Otherwise, \(\ell \) is faulty and by definition it crashes in round \(> r\). Let \(\pi _2\) be a crash-only execution that is identical to \(\pi _1\) until \(\ell \) crashes, and the rest of \(\pi _2\) is an arbitrary execution where the honest parties in \(\pi _1\) remain honest but \(\ell \) never crashes and is also honest. Thus, in \(\pi _2\) the preconditions of the LBR Progress property hold and all k LBR-synchronized(\(\ell \)) invocations return a certified B with round number r authored by \(\ell \).
An \(LBR(r, \ell )\) invocation by any party p completes within \(\varDelta _l\) time, and starts immediately after Pacemaker’s \(\mathtt {new\_round(r)} \) notification at p (because \(\mathtt {choose\_leader}\) is computed locally and takes 0 time).
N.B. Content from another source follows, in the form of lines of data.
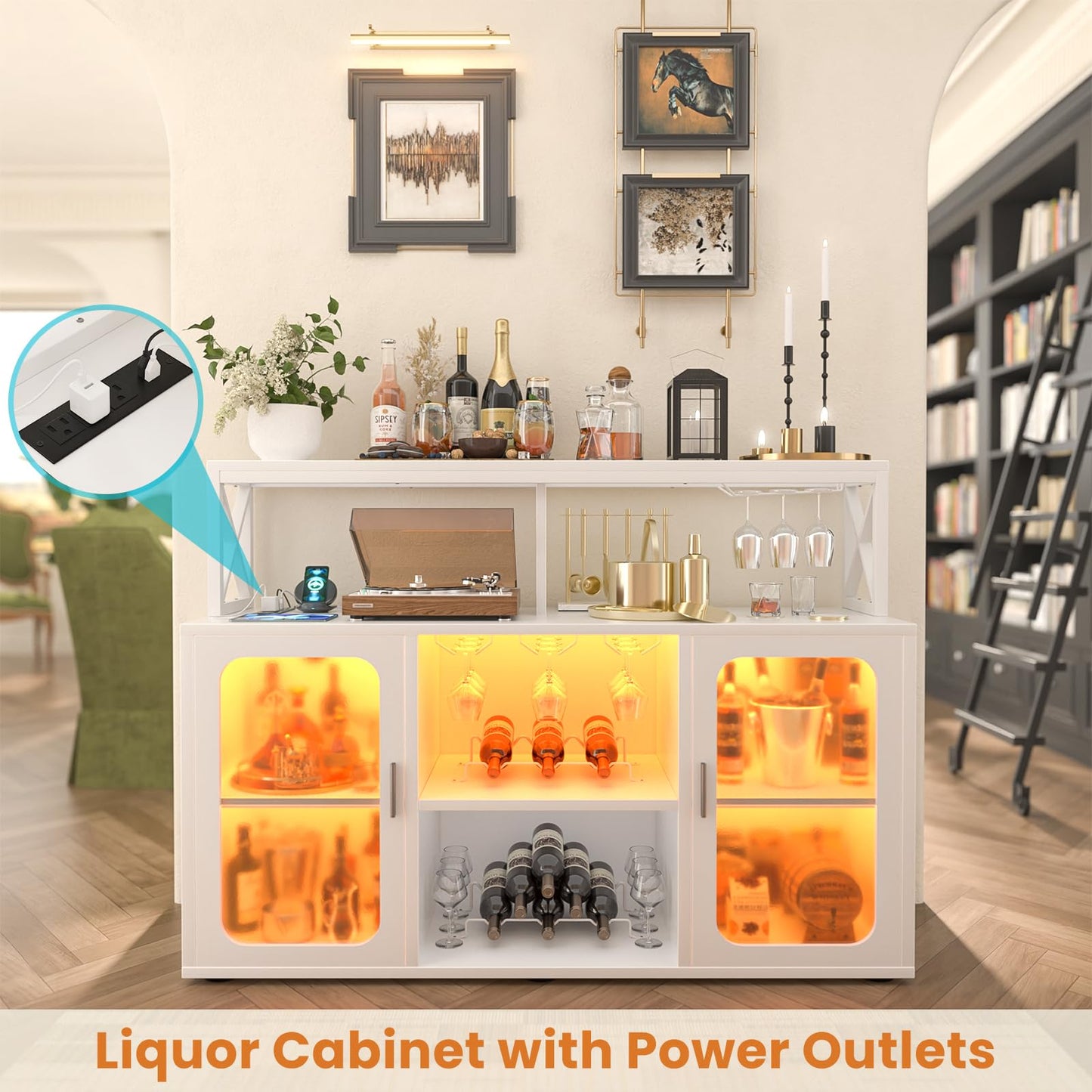 Aheaplus Bar Cabinet with Power Outlet, Liquor Cabinet with Led Lights and Glass Holders, Storage Buffet Cabinet Coffee Bar Cabinet for Liquor, Wine Cabinet with Racks for Home, Kitchen, S3, White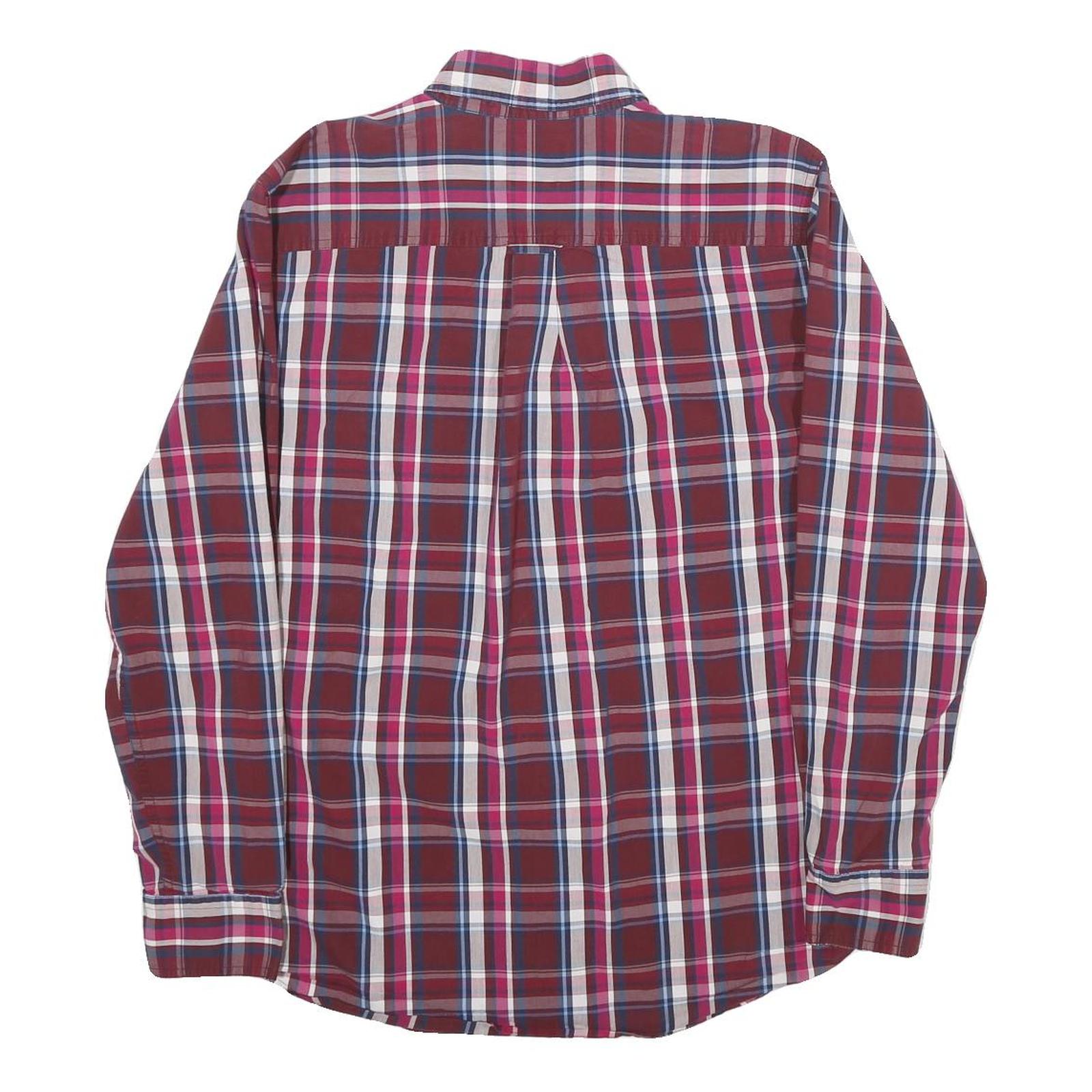 CHAPS Mens Red & Blue Check Shirt M Classic Long Sleeve Button-Down Cotton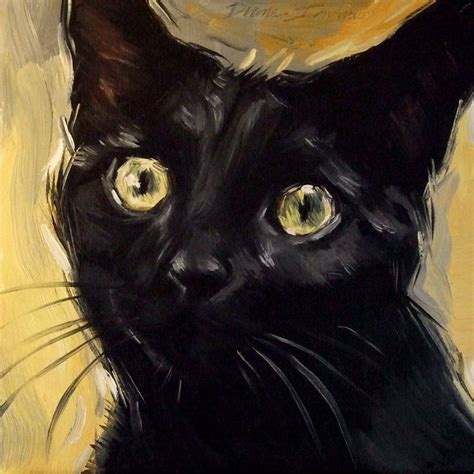 Original Oil Painting Of A Black Cat By Diane Irvine Armitage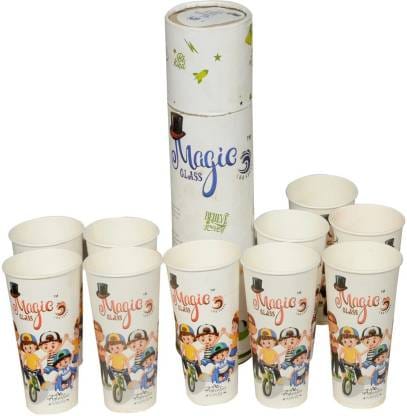 Magic Color Changing Paper Cups, Multicolor Printed Designs, Converts Normal Water to Colored Water, Reusable, 5 Count, Holi Festival Theme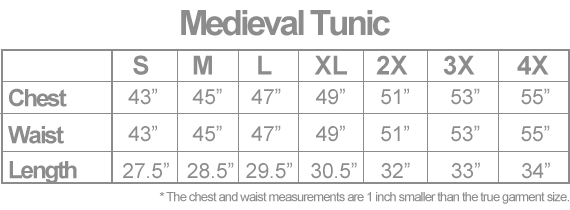 Tunic Size Chart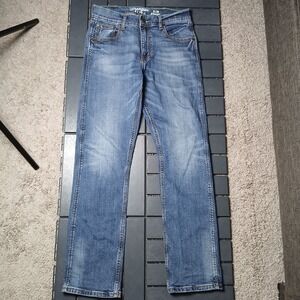 Wrangler Retro Slim Straight Mens Blue Wash Denim Jeans Size 30x32 Cowboy JD157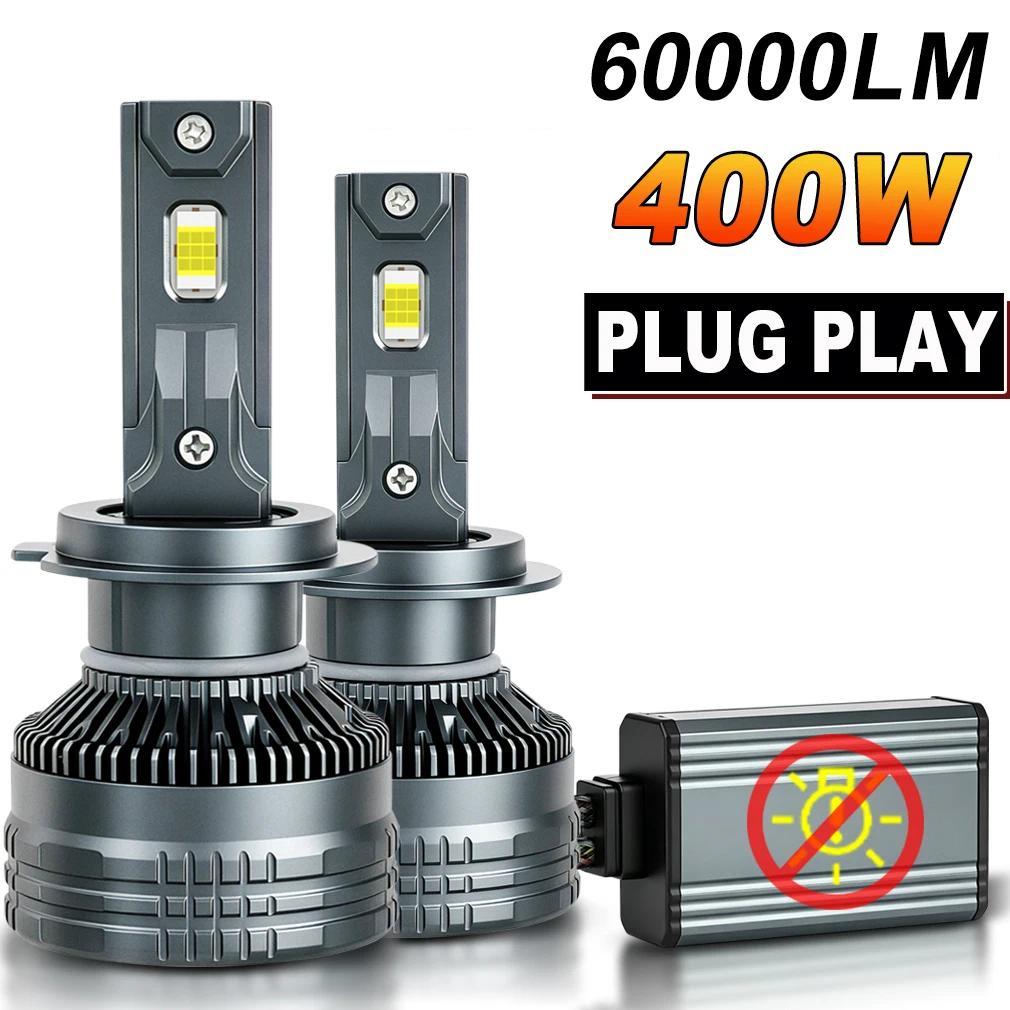 e400W H7 H4 H11 ไฟหน้า LED กำลังสูง CANbus H1 H3 9005 9006 HB3 HB4 9012 HIR2 300000LM ซุปเปอร์ไบรท์เ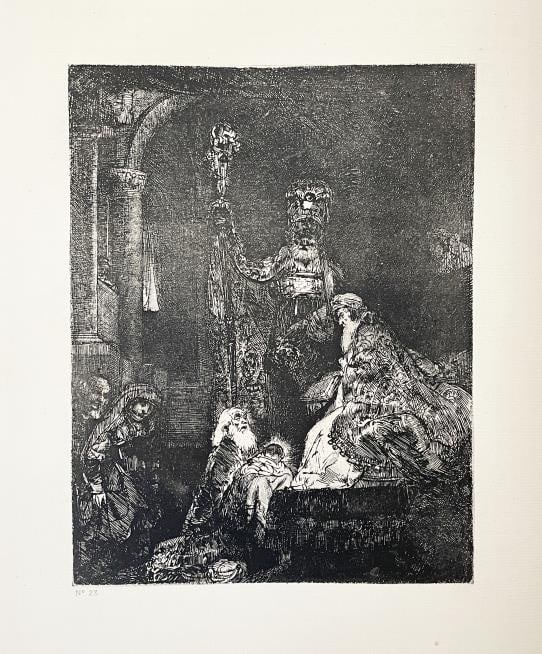 Rembrandt van Rijn - Presentation Au Temple (After): Artist: Rembrandt van Rijn Title: Presentation Au Temple Year: 1897 Dimensions: 17 5/8in. by 12 3/8in. Edition: From the rare limited edition of 500 Publisher: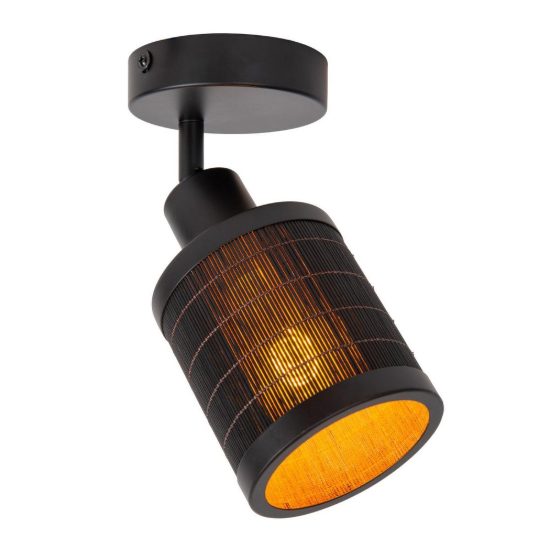 Faretto da soffitto per soggiorno orientabile moderno nero naturale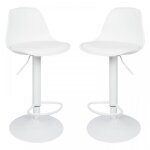Tabourets de bar et cuisine. mipan. lot de 2 chaises de bar. hauteur r�glable. blanc
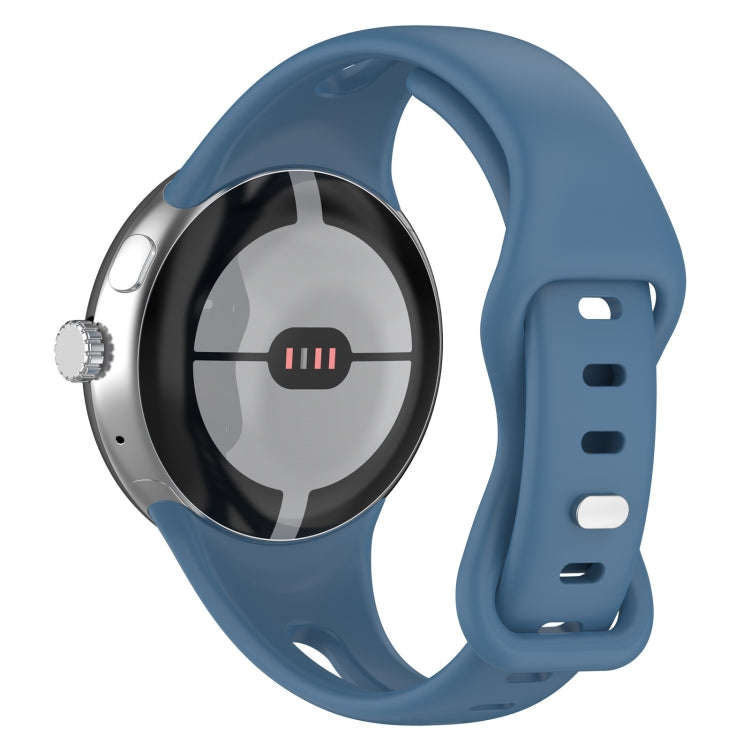 For Google Pixel Watch 2 Small Waist Butterfly Buckle Silicone Watch Band(Blue)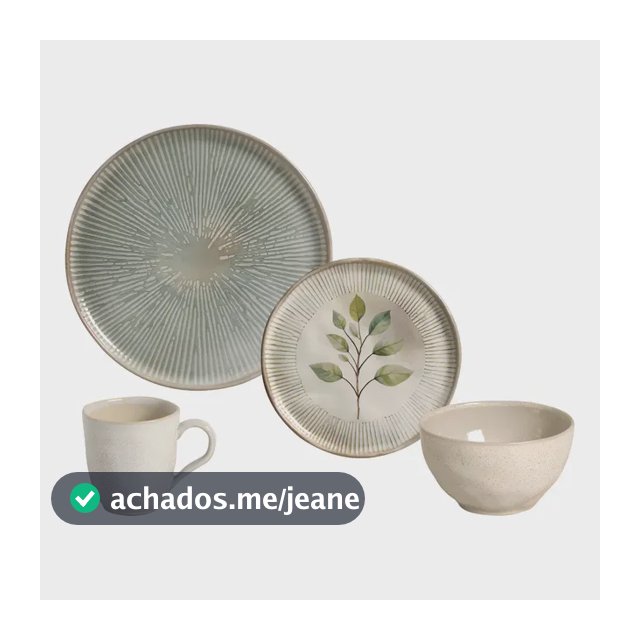 APARELHO DE JANTAR 16 PEÇAS EVERGREEN E LATTE PORTO BRASIL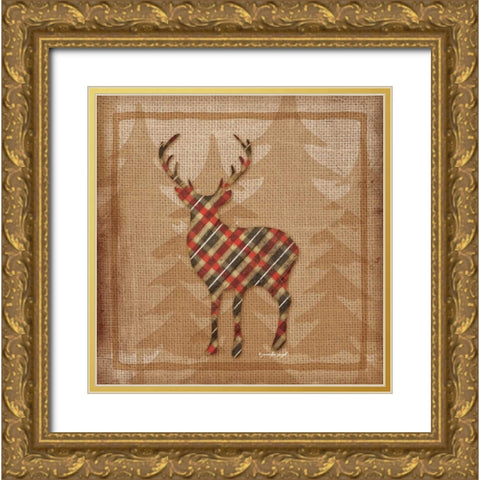 Deer Plaid Gold Ornate Wood Framed Art Print with Double Matting by Pugh, Jennifer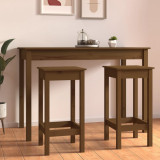 Cumpara ieftin Scaune de bar, 2 buc., maro miere, 40x40x78 cm, lemn masiv pin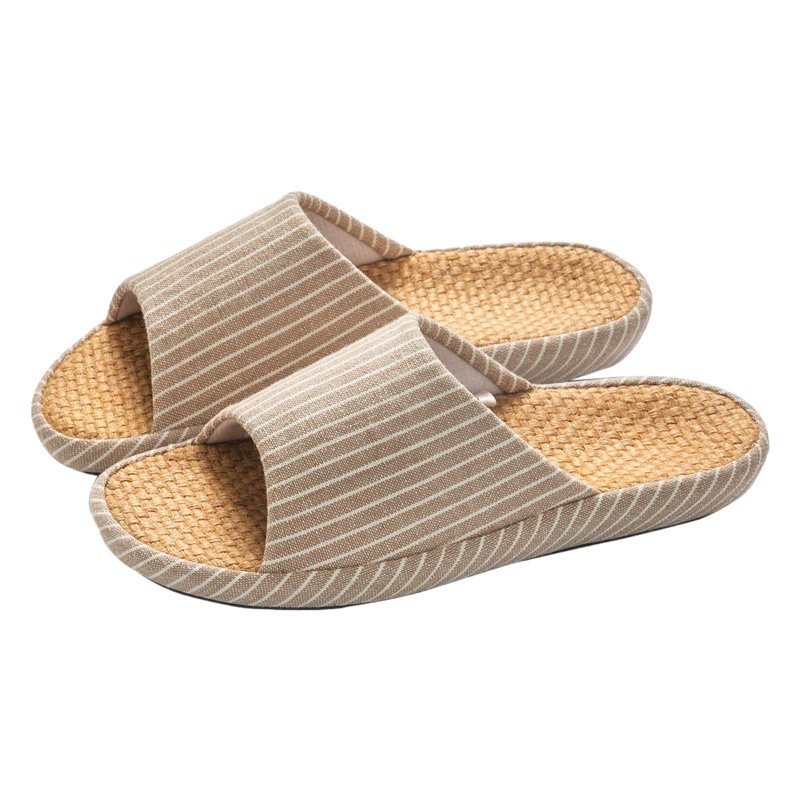Jingshilu летние парные льняные тапочки в японском стиле, домашние тканевые немые толстые домашние хлопковые льняные сандалии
By Pacemaker’s guarantees, no party receives \(\mathtt {new\_round} (r+1)\) notification until \(\varDelta _p = \varDelta _l\) time after the last \(\mathtt {new\_round} (r+1)\) notification at some party, hence all \(LBR(r, \ell )\) invocations must complete before any party receives a \(\mathtt {new\_round} (r+1)\) notification.
\(\pi _1\) and \(\pi _2\) are identical until \(\ell \) crashes, which must happen after \(\ell \) receives its \(\mathtt {new\_round} (r+1)\) notification from the Pacemaker. This is because \(\ell \) is alive in round r and follows the protocol, invoking LBR in round \(r+1\) after receiving the \(\mathtt {new\_round} (r+1)\) notification. As a result, \(\pi _1\) and \(\pi _2\) are indistinguishable to all \(LBR(r, \ell )\) invocations, and the k LBR-synchronized(\(\ell \)) invocations in \(\pi _1\) return certified block B with round number r authored by \(\ell \) as in \(\pi _2\), as desired.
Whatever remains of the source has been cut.